What is being asked: Find the line with "Cj 6 Taças de" in the records below. Copy it and every line after it, up to and including the line with "Vintage Retro Silver".

Data provided:
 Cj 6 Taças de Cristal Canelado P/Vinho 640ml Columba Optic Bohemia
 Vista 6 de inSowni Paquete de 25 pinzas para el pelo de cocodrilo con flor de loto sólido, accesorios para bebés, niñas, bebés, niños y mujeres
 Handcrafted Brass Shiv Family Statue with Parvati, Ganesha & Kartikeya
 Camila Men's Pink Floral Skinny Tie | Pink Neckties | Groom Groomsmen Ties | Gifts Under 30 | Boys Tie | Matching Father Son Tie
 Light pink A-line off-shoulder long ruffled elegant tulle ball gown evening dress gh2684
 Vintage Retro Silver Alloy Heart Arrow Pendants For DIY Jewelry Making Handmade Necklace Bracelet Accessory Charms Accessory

==

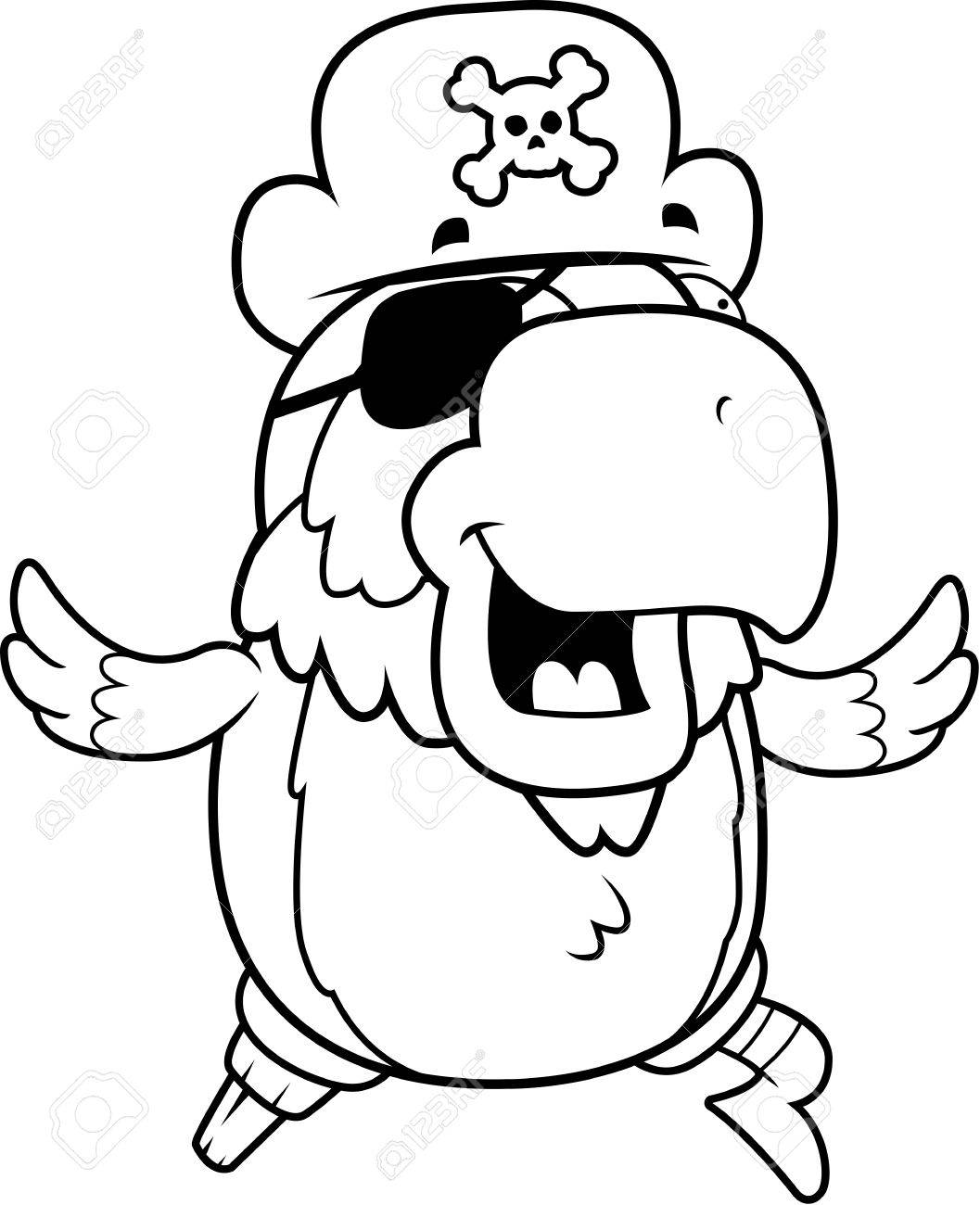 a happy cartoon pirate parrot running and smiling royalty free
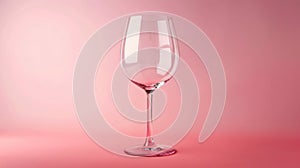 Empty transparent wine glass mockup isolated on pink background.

--

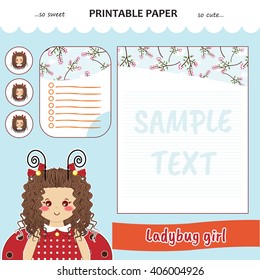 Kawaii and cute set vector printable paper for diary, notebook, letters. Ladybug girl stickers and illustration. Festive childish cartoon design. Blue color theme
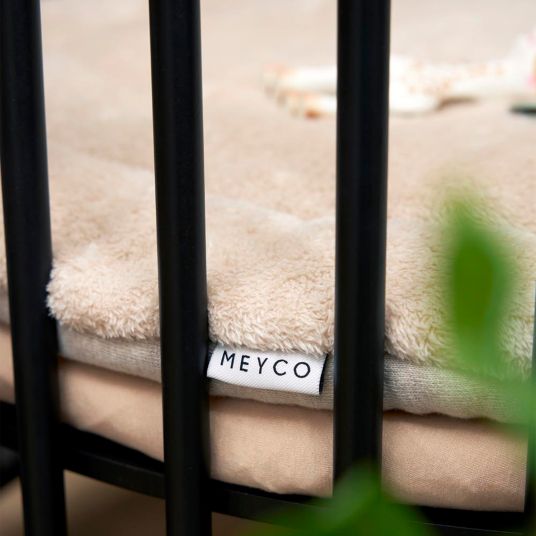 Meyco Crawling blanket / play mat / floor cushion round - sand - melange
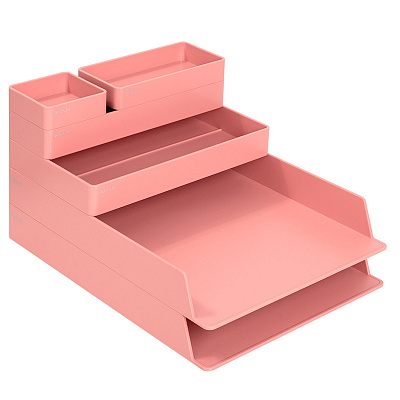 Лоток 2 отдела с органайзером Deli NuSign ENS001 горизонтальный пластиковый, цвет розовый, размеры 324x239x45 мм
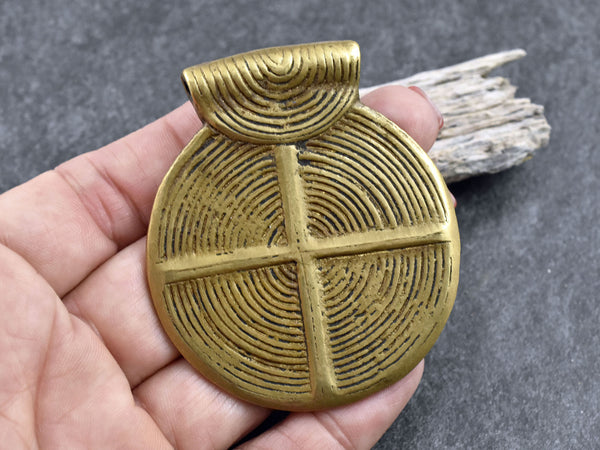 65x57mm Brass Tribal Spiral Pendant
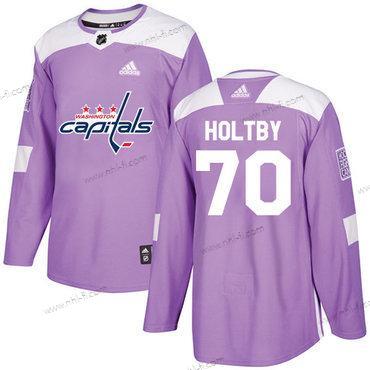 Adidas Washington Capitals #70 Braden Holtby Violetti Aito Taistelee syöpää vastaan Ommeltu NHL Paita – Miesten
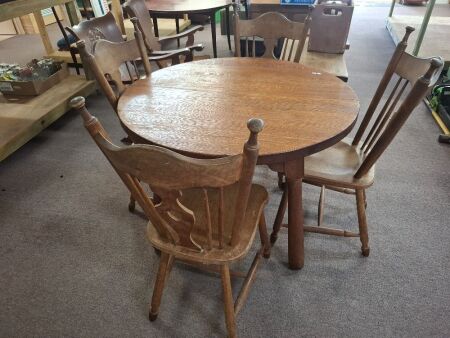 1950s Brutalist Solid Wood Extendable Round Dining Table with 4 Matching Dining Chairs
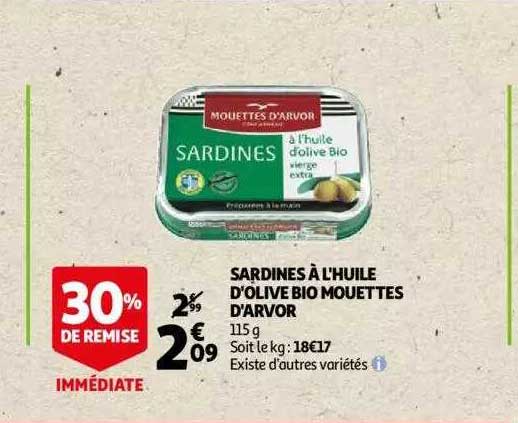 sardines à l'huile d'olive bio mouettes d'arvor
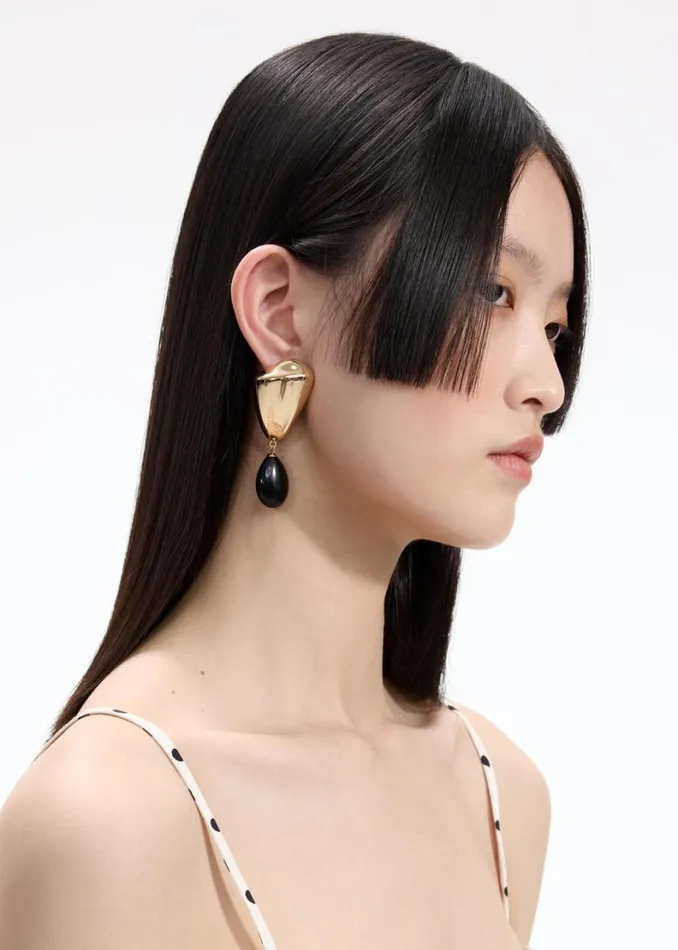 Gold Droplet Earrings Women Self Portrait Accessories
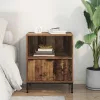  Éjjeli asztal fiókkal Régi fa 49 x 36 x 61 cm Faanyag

Result of the task:
 Cj 6 Taças de Cristal Canelado P/Vinho 640ml Columba Optic Bohemia
 Vista 6 de inSowni Paquete de 25 pinzas para el pelo de cocodrilo con flor de loto sólido, accesorios para bebés, niñas, bebés, niños y mujeres
 Handcrafted Brass Shiv Family Statue with Parvati, Ganesha & Kartikeya
 Camila Men's Pink Floral Skinny Tie | Pink Neckties | Groom Groomsmen Ties | Gifts Under 30 | Boys Tie | Matching Father Son Tie
 Light pink A-line off-shoulder long ruffled elegant tulle ball gown evening dress gh2684
 Vintage Retro Silver Alloy Heart Arrow Pendants For DIY Jewelry Making Handmade Necklace Bracelet Accessory Charms Accessory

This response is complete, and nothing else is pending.